How can we explain this apparent contradiction?

Has probability been defined? Can it even be defined? And if it can not, how dare we reason about it? The definition, it will be said, is very simple: the probability of an event is the ratio of the number of cases favorable to this event to the total number of possible cases.

A simple example will show how incomplete this definition is. I throw two dice. What is the probability that one of the two at least turns up a six? Each die can turn up in six different ways; the number of possible cases is 6 × 6 = 36; the number of favorable cases is 11; the probability is 11/36.

That is the correct solution.
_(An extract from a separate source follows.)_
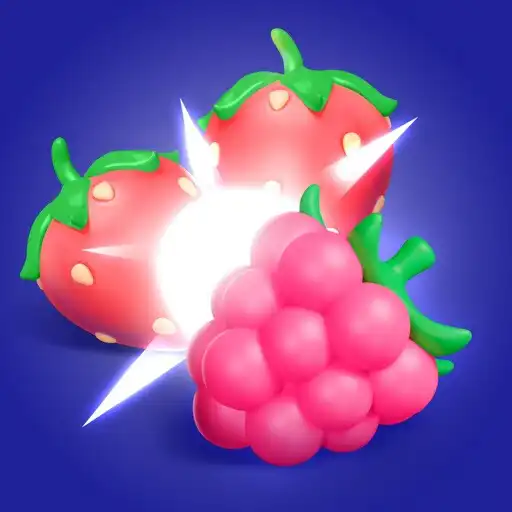 Play Mergy 3D APK Play Mergy 3D APK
But could I not just as well say: The points which turn up on the two dice can form 6 × 7/2 = 21 different combinations? Among these combinations 6 are favorable; the probability is 6/21.

Now why is the first method of enumerating the possible cases more legitimate than the second? In any case it is not our definition that tells us.
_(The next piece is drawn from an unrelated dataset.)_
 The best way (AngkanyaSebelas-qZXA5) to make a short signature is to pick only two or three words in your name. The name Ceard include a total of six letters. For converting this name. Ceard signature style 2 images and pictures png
We are therefore obliged to complete this definition by saying: '... to the total number of possible cases provided these cases are equally probable.' So, therefore, we are reduced to defining the probable by the probable.

How can we know that two possible cases are equally probable? Will it be by a convention? If we place at the beginning of each problem an explicit convention, well and good. We shall then have nothing to do but apply the rules of arithmetic and of algebra, and we shall complete our calculation without our result leaving room for doubt. But if we wish to make the slightest application of this result, we must prove our convention was legitimate, and we shall find ourselves in the presence of the very difficulty we thought to escape.

Will it be said that good sense suffices to show us what convention should be adopted? Alas! M. Bertrand has amused himself by discussing the following simple problem: "What is the probability that a chord of a circle may be greater than the side of the inscribed equilateral triangle?" The illustrious geometer successively adopted two conventions which good sense seemed equally to dictate and with one he found 1/2, with the other 1/3.

The conclusion which seems to follow from all this is that the calculus of probabilities is a useless science, and that the obscure instinct which we may call good sense, and to which we are wont to appeal to legitimatize our conventions, must be distrusted.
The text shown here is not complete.